What to work on
Any picture in the data below gets skipped; print all the rest exactly.

Material provided
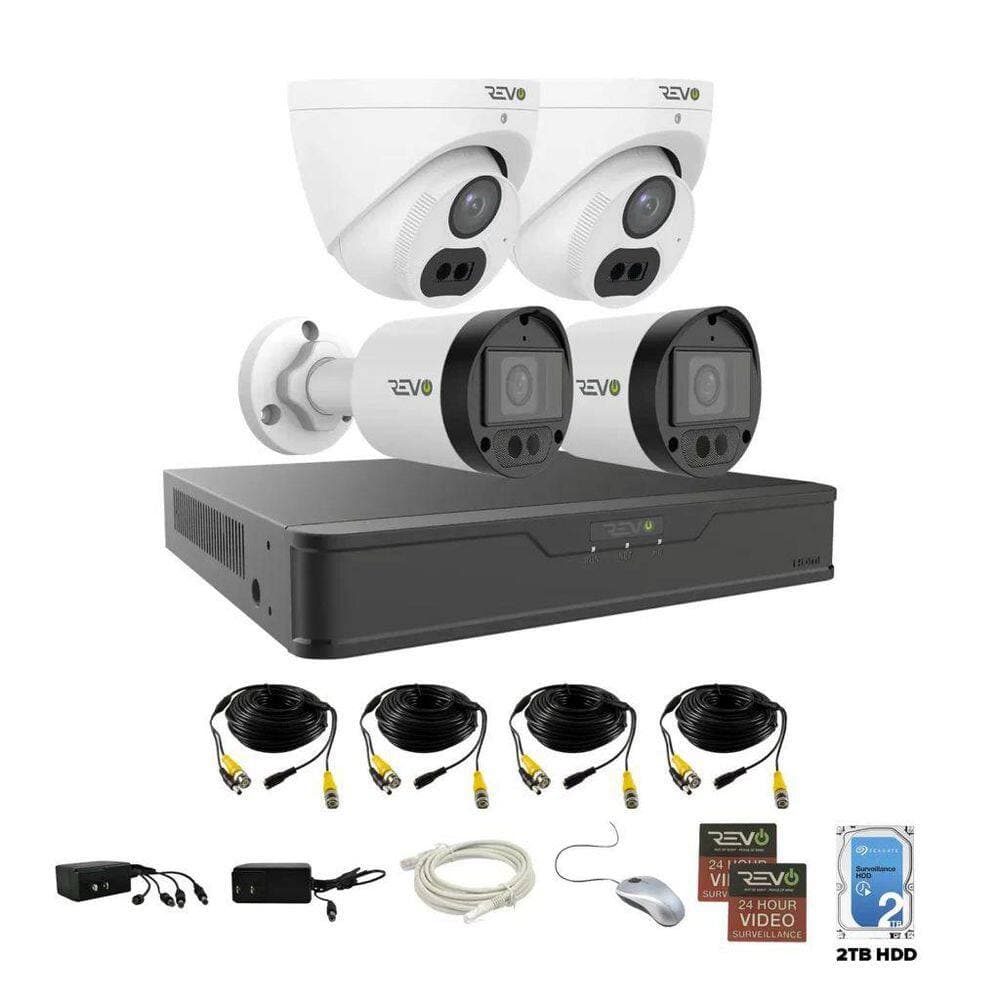 Revo Hybrid Series 4K 8CH Wired DVR Smart Security System with 2TB HDD & 4x True 4K Indoor/Outdoor IR Cameras (2)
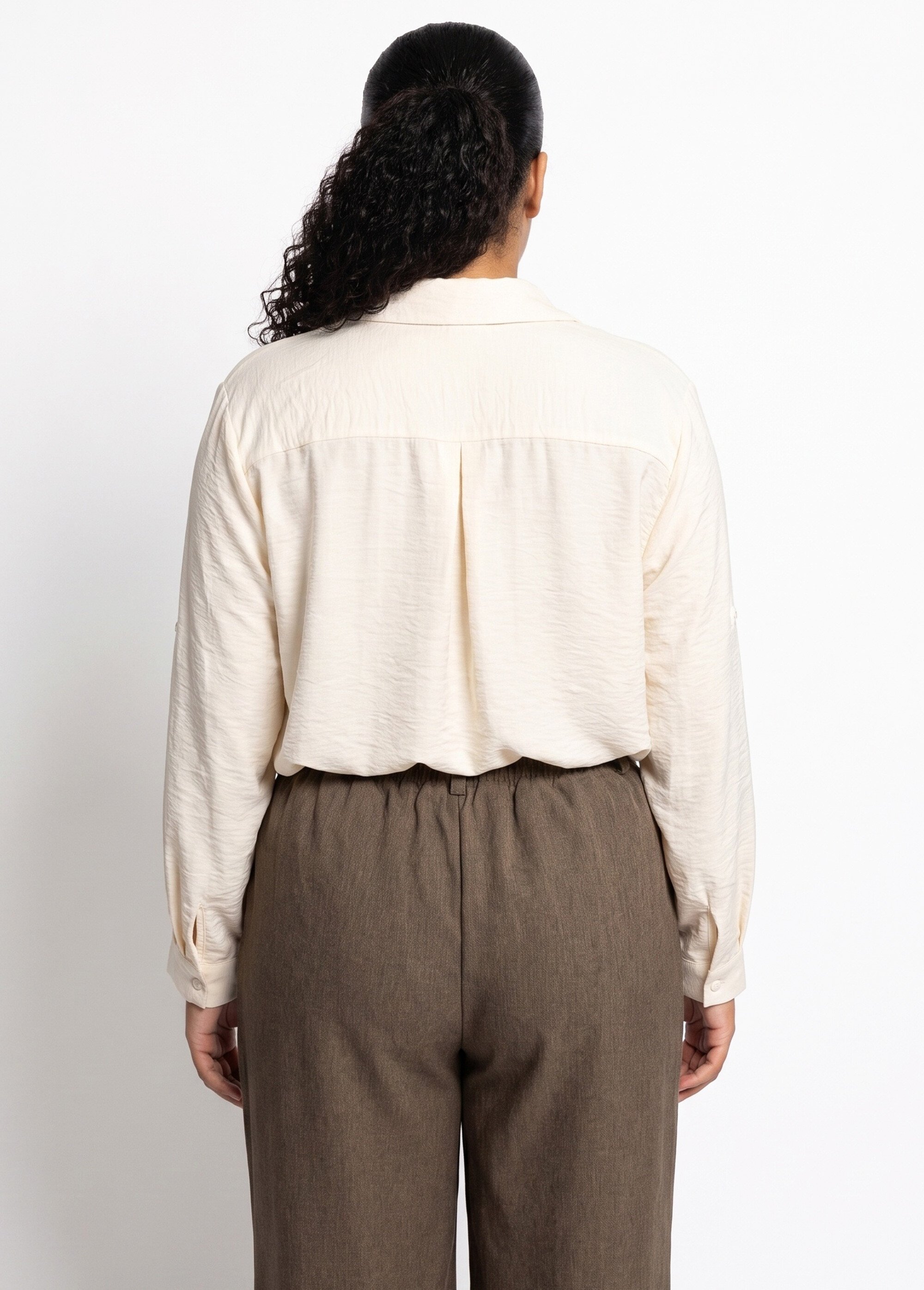 Blouse boutonnée unie col V Femme Grande Taille Beige CHY-F695-1 DO1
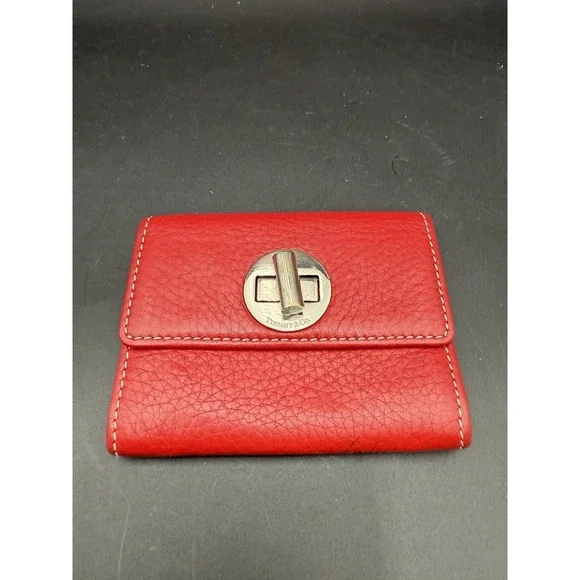 Tiffany & Co Red Leather Turnlock Wallet Small - Picture 1 of 9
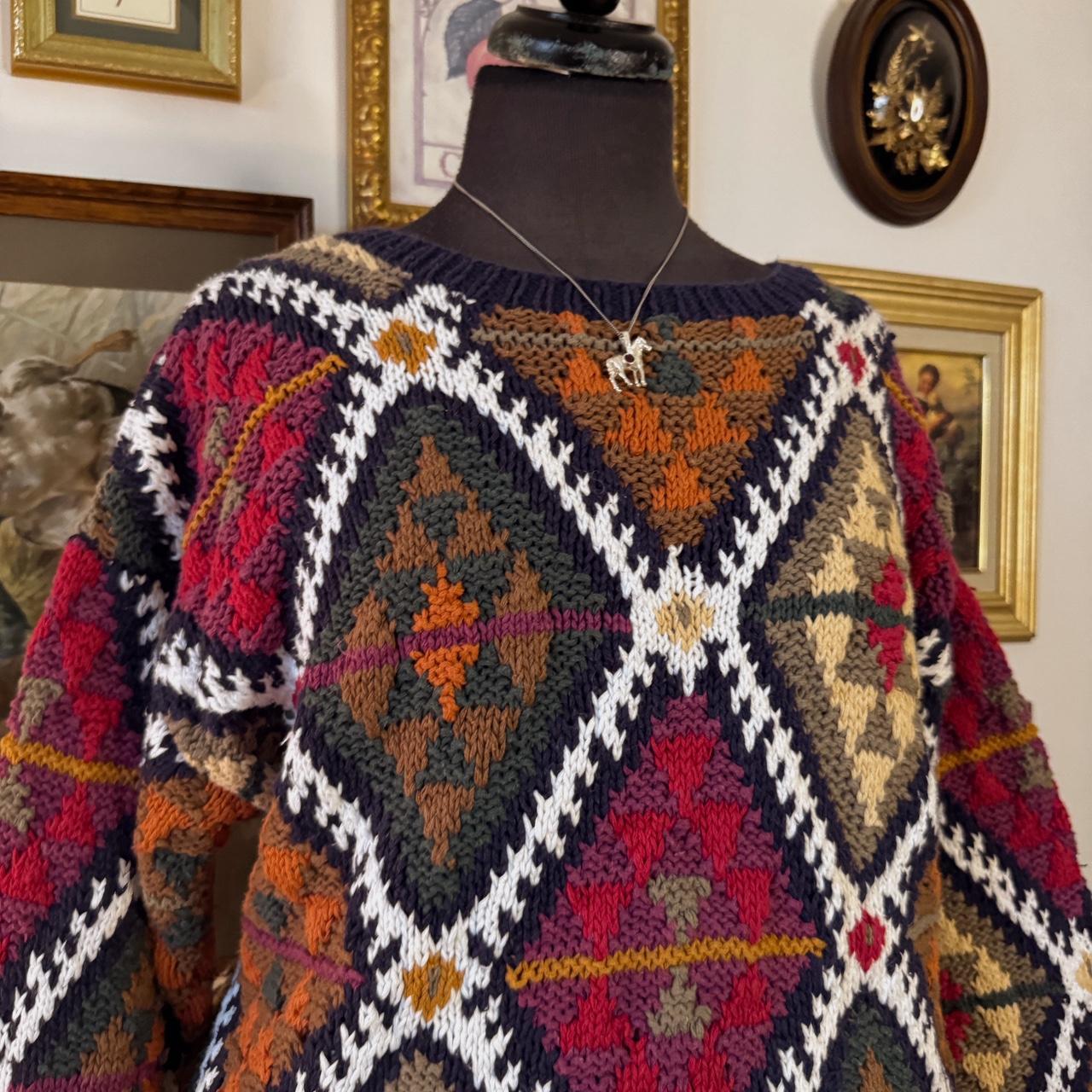 Vintage 90s abstract pattern knit sweater (M)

Reply
 Revo Hybrid Series 4K 8CH Wired DVR Smart Security System with 2TB HDD & 4x True 4K Indoor/Outdoor IR Cameras (2)
 Blouse boutonnée unie col V Femme Grande Taille Beige CHY-F695-1 DO1
 Tiffany & Co Red Leather Turnlock Wallet Small - Picture 1 of 9
 Vintage 90s abstract pattern knit sweater (M)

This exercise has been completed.